Abnormal AI Innovation: Inside the Fault-Tolerant…

Abnormal AI Innovation: Inside the Fault-Tolerant Scoring Engine

How Abnormal engineered a resilient, self-healing AI detection platform that maintains high precision even when dependencies fail.

Albert Liu, Edward Li

August 12, 2025

7 min read

In the world of high-throughput real-time data processing, the complexity needed to detect increasingly sophisticated threats is the enemy of stability. Modern detection platforms powered by AI are not monolithic applications but sprawling ecosystems of interconnected microservices. They orchestrate a constant flow of data from dozens of sources—databases, internal APIs, and third-party lookups—to enrich events and make intelligent decisions.

This creates the core challenge of partial failure and dependency. What happens when a critical service experiences an outage? What if a database that stores employee information goes down, or a service that provides domain reputation data times out? For a complex email security ML system, the options are to either shut down the detection pipeline—allowing malicious messages to hit customers' inboxes—or continue operating in a highly degraded state, where safe messages might be incorrectly filtered out of customer inboxes. As we scale our infrastructure and our web of dependencies grows, this fragility slows velocity, forcing engineers into a reactive posture of firefighting instead of focusing on innovation.

In the first post of this series, we introduced a way to explicitly model dependencies with a Signals DAG (Directed Acyclic Graph) built with our internal framework, Compass. The second post discussed how the Signals DAG was used to build high-scale aggregation systems. This post explores another critical use case for Compass: enabling system resiliency in our real-time scoring engine. The same dependency graph used for aggregate features is the key to building a truly fault-tolerant detection platform, because to gracefully handle a failure, we must first understand exactly what depends on the failing component.

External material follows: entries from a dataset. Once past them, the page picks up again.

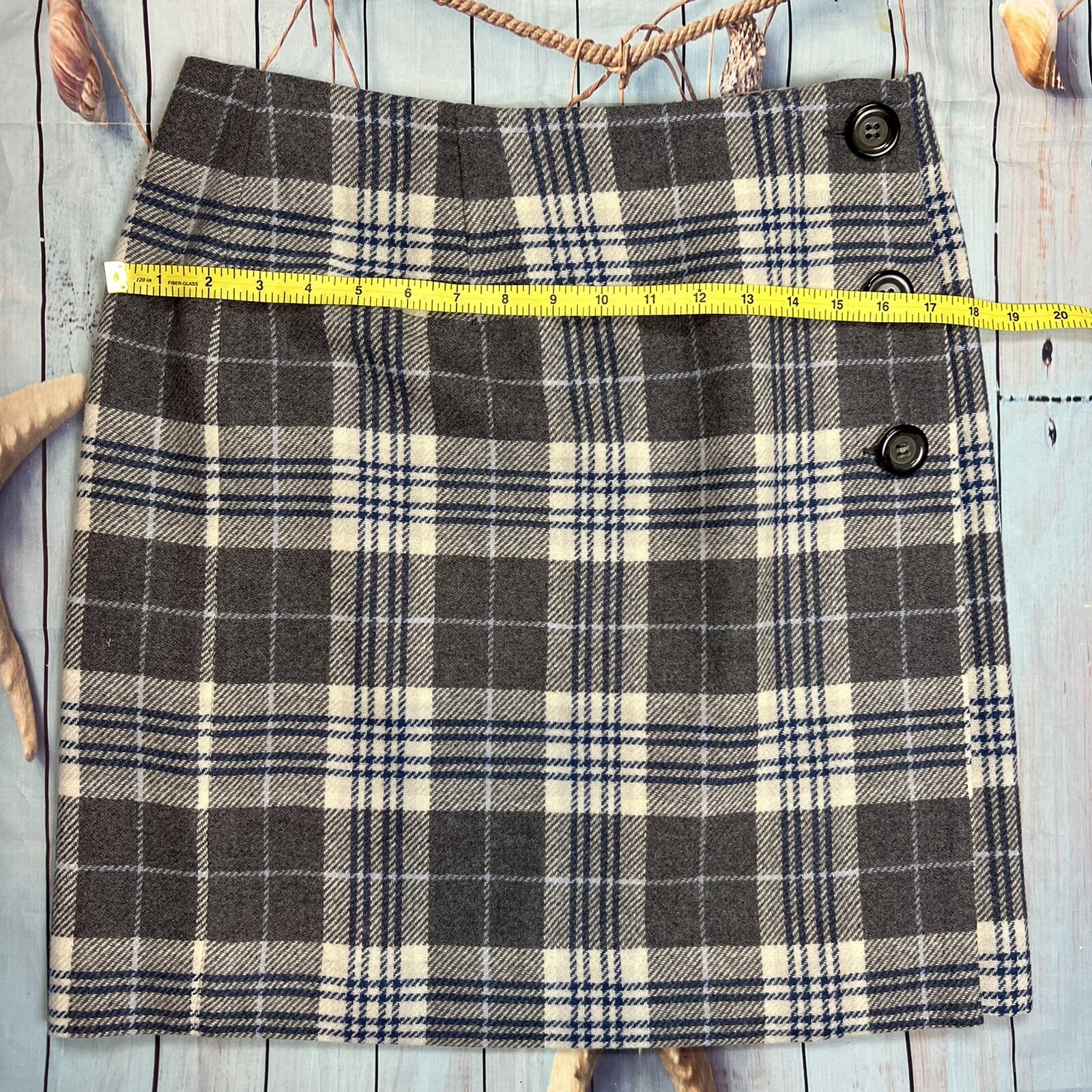 Pendleton 100% Wool Side Button Wrap Skirt Lined … - image 8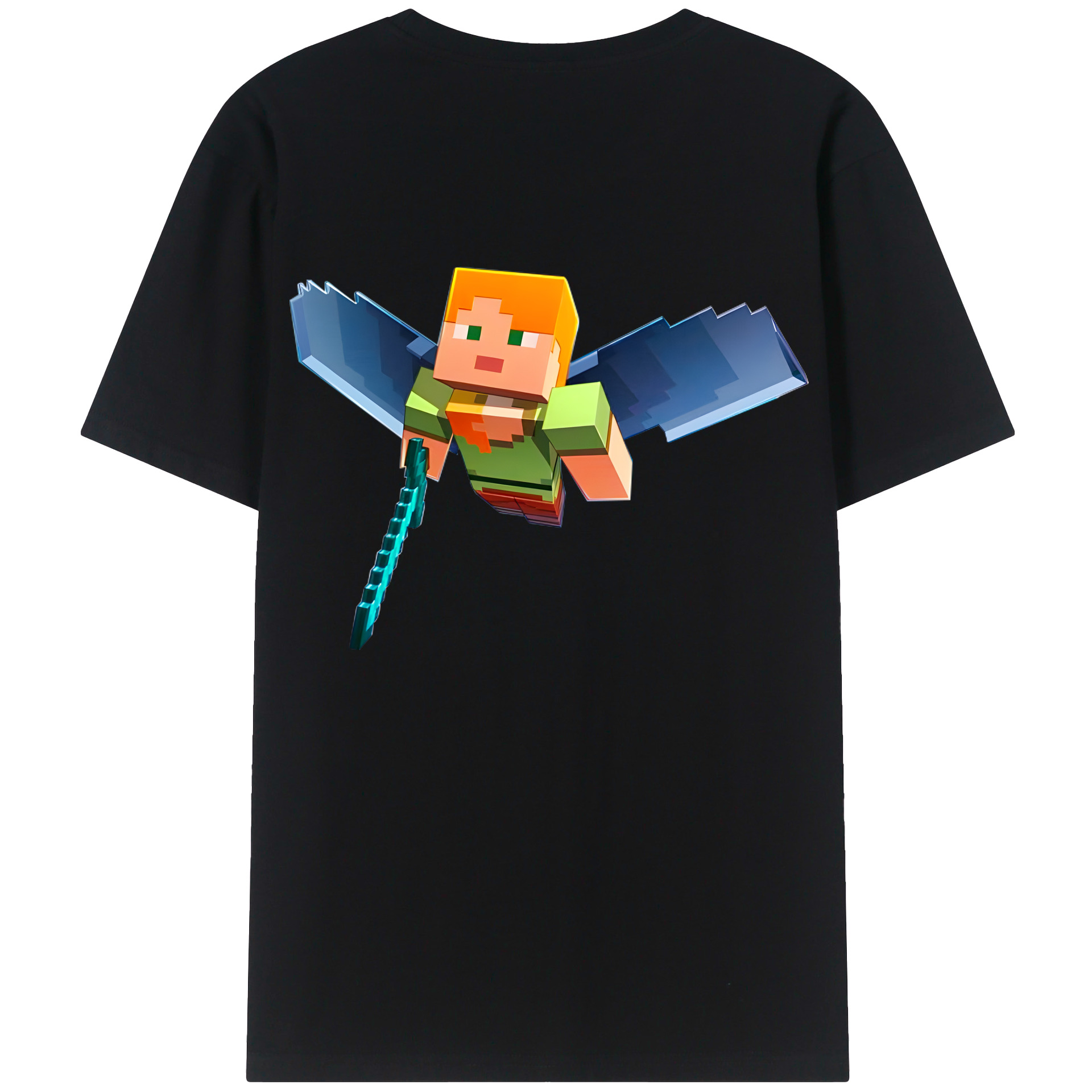 （画像用） マインクラフト ブロックの世界 Minecraft MC Block world 綿100％ メンズ半袖Tシャツ（バックプリント） 通気性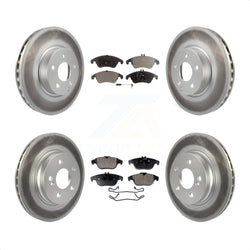 Front Rear Coated Disc Brake Rotors And Semi-Metallic Pads Kit For Mercedes-Benz E350 C300 C350 KGF-101080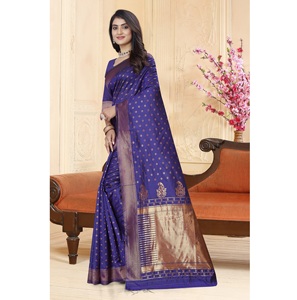 Sari de Seda Banarasi de Alta Calidad para Mujer, Ideal para Bodas, Recepciones y el Festival Diwali, Disponible a un Precio Accesible - Product Image 3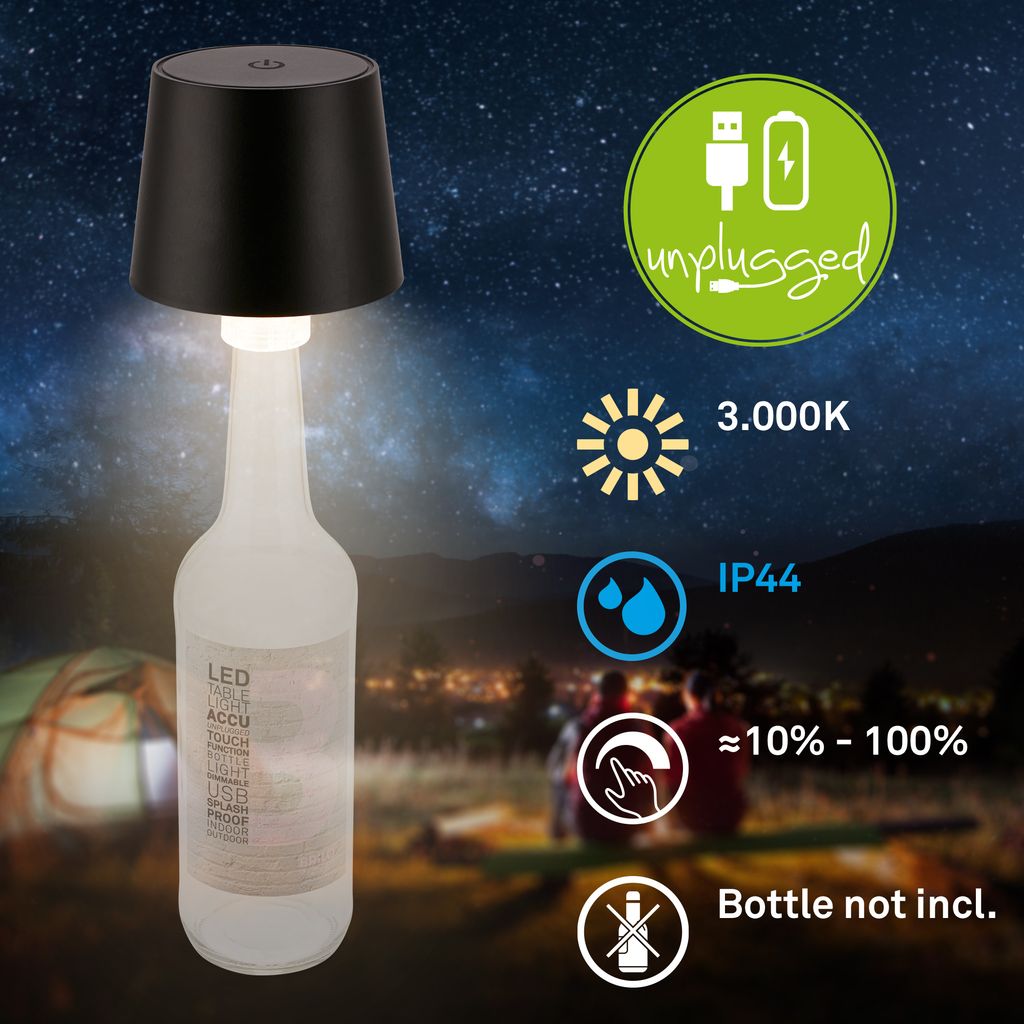 LED Flaschenlampe Flaschenlicht Tischlampe Dimmbar Touch Fernbedienung Kabellos 2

The Pivot: A Paradigm Shift to Fault-Tolerant Scoring

At Abnormal AI, our mission to stop the world's most advanced email attacks requires an AI platform that operates at immense scale and with unwavering reliability. Our customers expect our protection to be always on, like a power plant. The fragility of a conventional detection pipeline is simply unacceptable when fighting a smart and dynamic human adversary. Beyond monitoring and alerts, we needed a “backup generator” for the entirety of our detection logic to gracefully handle outages.

To solve this, we fundamentally re-architected a core piece of our infrastructure to create the Fault-Tolerant Scoring (FTS) framework. This isn't a patch or a temporary fix; it's a new, secure-by-default paradigm for our real-time detection engine. It's a cornerstone of our AI-vs-AI strategy, designed to make our defenses more robust and resilient than the attacks they are built to stop. The FTS framework ensures that even when parts of our distributed system fail, the overall system continues to function with high precision, making best-effort decisions and automatically healing itself.

How the Fault-Tolerant Scoring Framework Functions

The FTS framework is built on several core principles that work in concert to contain the "blast radius" of an outage and maintain the integrity of our detection verdicts.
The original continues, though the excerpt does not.